Methods of diplomatic analysis seek to establish the formal structure of official records (government and notary), understand the internal features of each one that are responsible for creating their legal validity, and tie these in with the procedures used to generate them (Pazin, 2005, p.8). Cook (1997, p.36-37) has pointed out the importance of diplomatic studies, in that they focus "archivists' attention on the record, especially on its properties as evidence of the acts and transactions of its creators." Diplomatics thus have "much of value to say to modern archivists, ... about the necessity to conduct careful research into the form, structure, and authorship of documents, especially in electronic environments." However, for him, this approach "must be coupled with a broader understanding ... of the animating functions, structures, and interrelationships of the creators that contextualize those isolated documents." Cook underscores the importance of individual documental analysis, provided that it is linked to an understanding of supradocumental relations, as a theoretical and methodological approach to archives, private universes in which records are never atomized or detached from the whole.

New studies have recently begun focusing on visual records, in part because the issue of electronic documents has risen higher on the agenda of discussions essential to archival theory and practice. An effort has been made to understand these records within the archival environment, approaching them as parts of a whole and, as such, records that display the same bonds with the creator of the whole as textual documents.
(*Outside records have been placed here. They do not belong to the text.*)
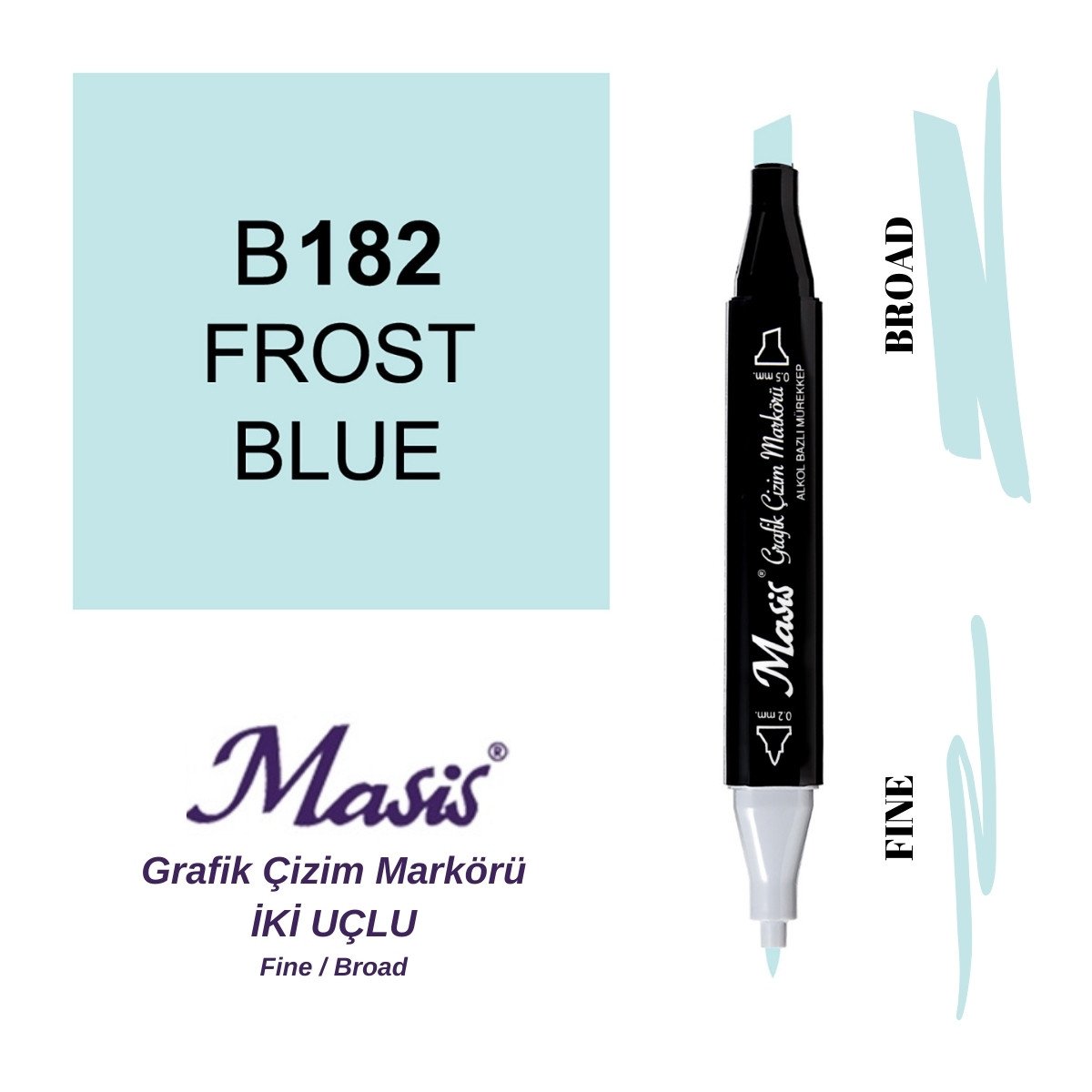 Masis Twin Çift Uçlu Marker Kalemi 182 Frost Blue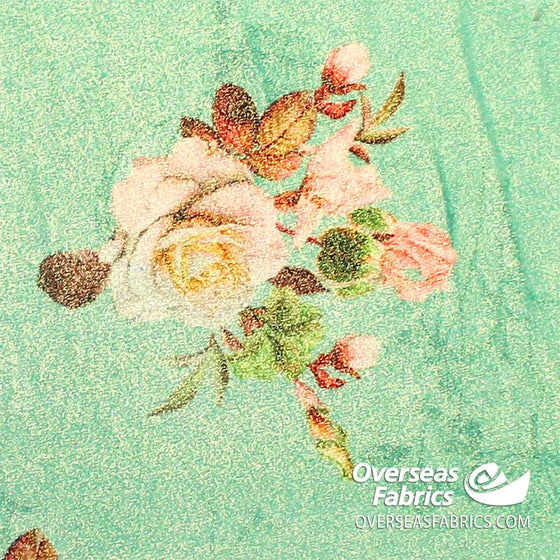 Silky Crepe 45" (Fall 2021) - Design 01, Floral, Green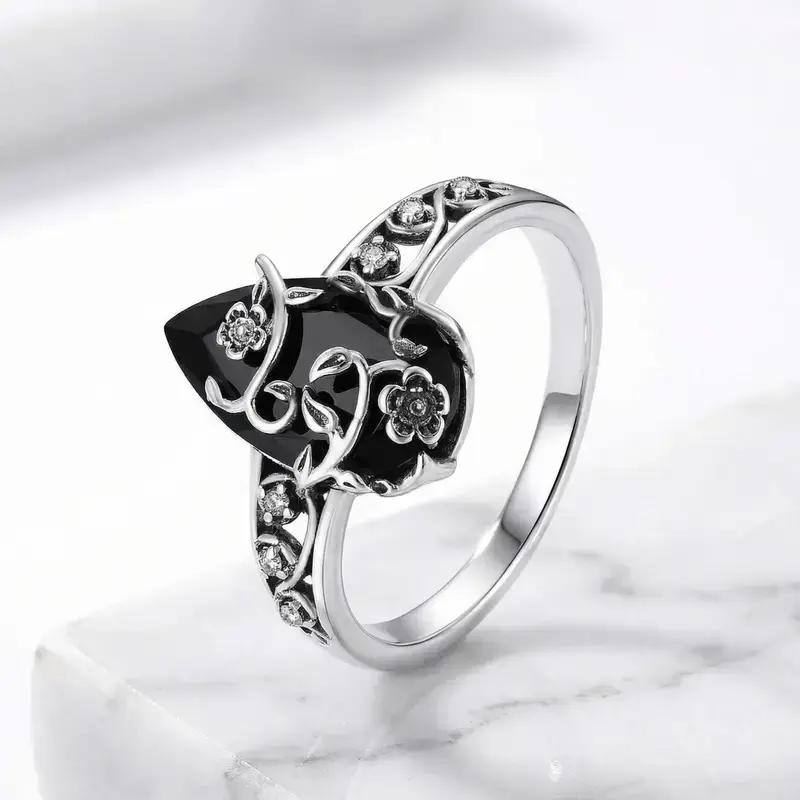 Women's Vintage Floral 925 Sterling Silver Crystal Ring - Synthetic Obsidian Band Inlaid Black Lab-Created Diamond, Healing Energy Prom Jewelry, Gift-Ready Birthday Mother’s Day Present with Gift Box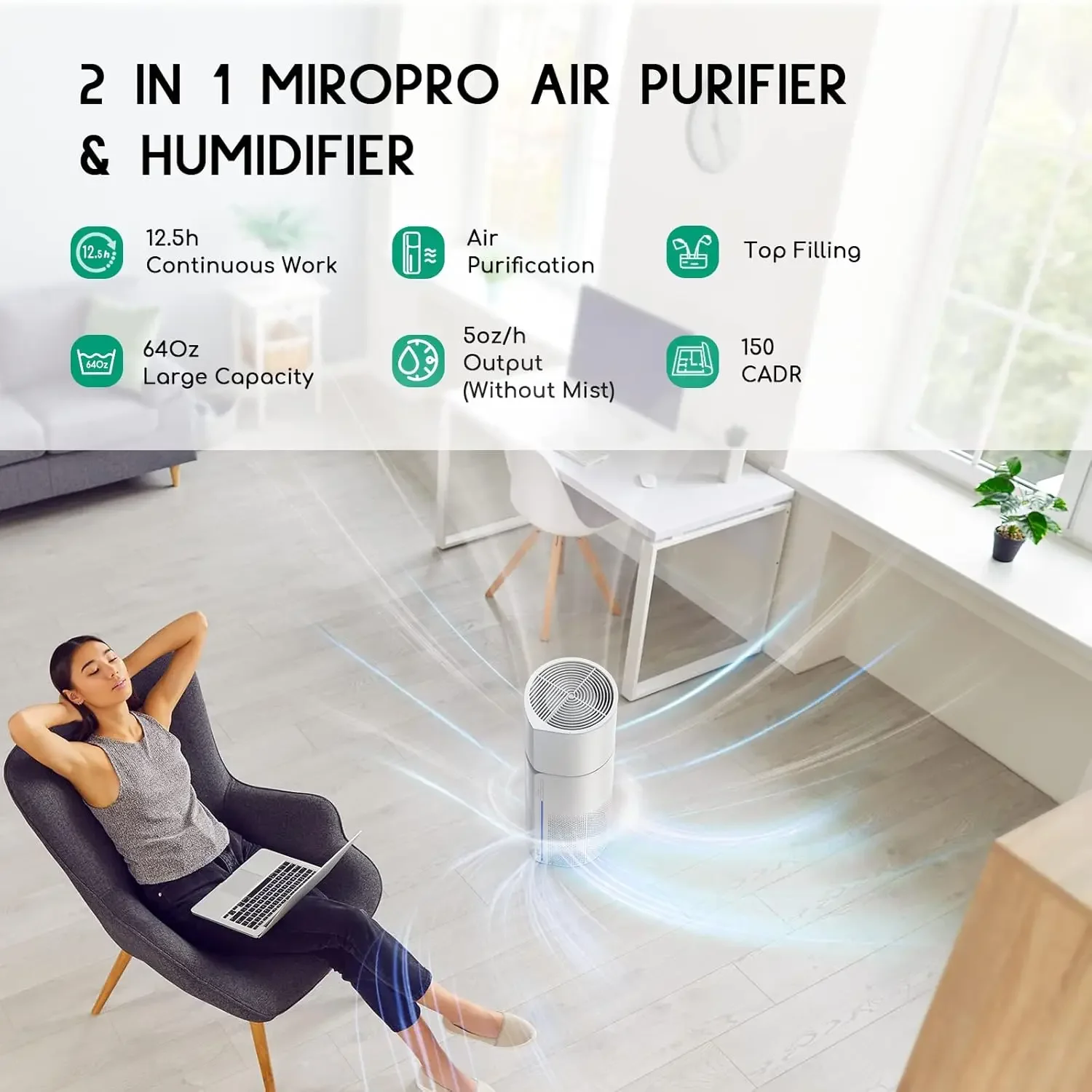 Purificateur d'air 2 en 1 avec humidificateur, livre en 3 étapes pour les allergies à la maison, les animaux domestiques, les odeurs de fumoir de cheveux, humidificateur par évaporation, A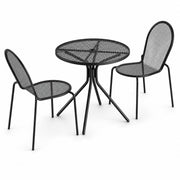 Glownary Harbor Black Round Outdoor Dining Set, 30 Inch Table with 2 Stackable Steel Mesh Chairs, Powder-Coated Metal, Standard Height
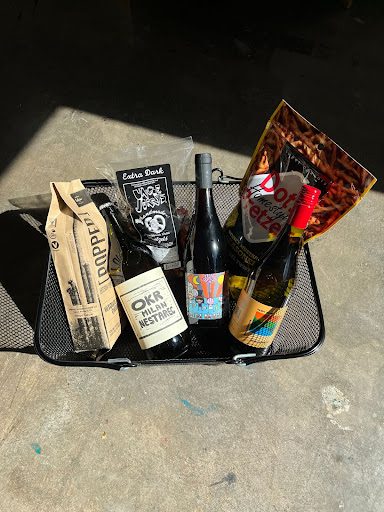 Natural wine & Snacks basket at Monsoon Market.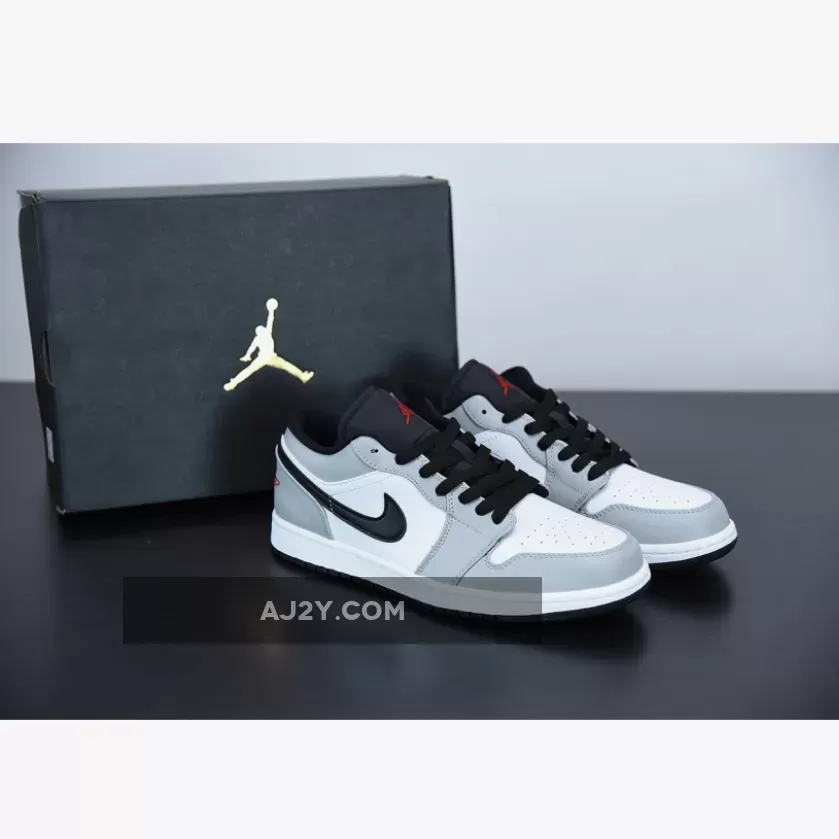 Grey Jordan 1s / Air Jordan 1 Retro Low 'Light Smoke Grey' Unisex Lt Smoke Grey/Gym Red-White AJ1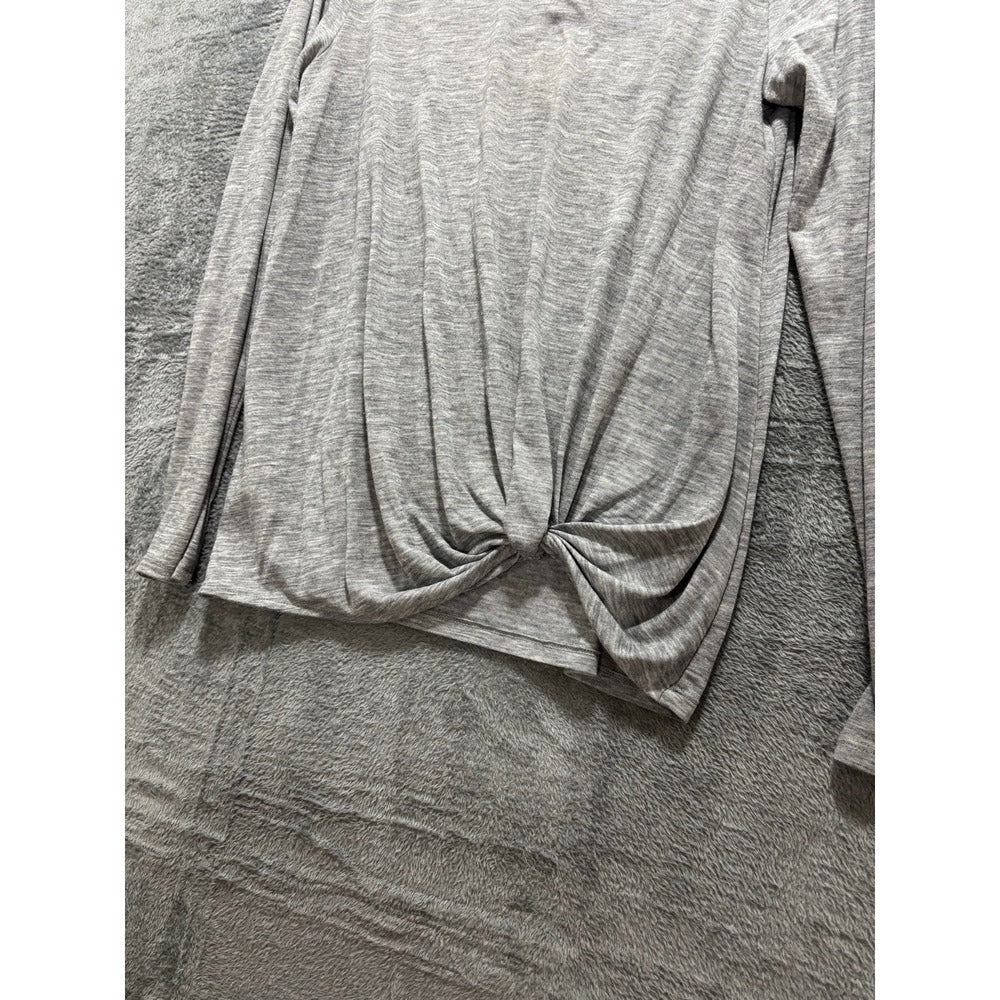 LOFT M Gray Long Sleeve Front Knot Top Womens Casual Minimalist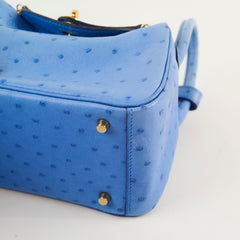 Hermès Mini Lindy Ostrich Bleuet Z Stamp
The momentum generated by a growing valorization of images as a historical and cultural research source in general must be taken into account within this trend. The importance of archival sources can be strengthened or reinvigorated by the studies, whose analyses may nourish theoretical and methodological thought about archives and foster a very fertile interdisciplinary process of exchange. Even though few studies in the field of archival science have looked at the question of images, a discussion has been taking shape about the treatment of photographs which bears in mind their documental nature, their presence in the spheres of archival record production and the presence of elements in the visual record itself that may reflect this documental origin and, accordingly, the possibility of contextualizing it within the universes that generated them. At the center of this debate lies the defense of a new methodological posture toward the visual records, one that places importance on their contextualization during the stages of identification and classification, to the detriment of overestimation of the access to information offered by the record, which is the approach that has traditionally guided work in the area.

Towards a contextual approach to archival records

The premise that archival records are inseparably linked to the context of their administrative creation, as Duranti has emphasized, brings us to an important and possibly pivotal point in the discussion of the archival nature of photography: the purpose of studies into the nature or character of records from an archival perspective differs from those of studies of iconographic images conducted by historians. This is especially relevant to differentiate between approaches that vary little in this area.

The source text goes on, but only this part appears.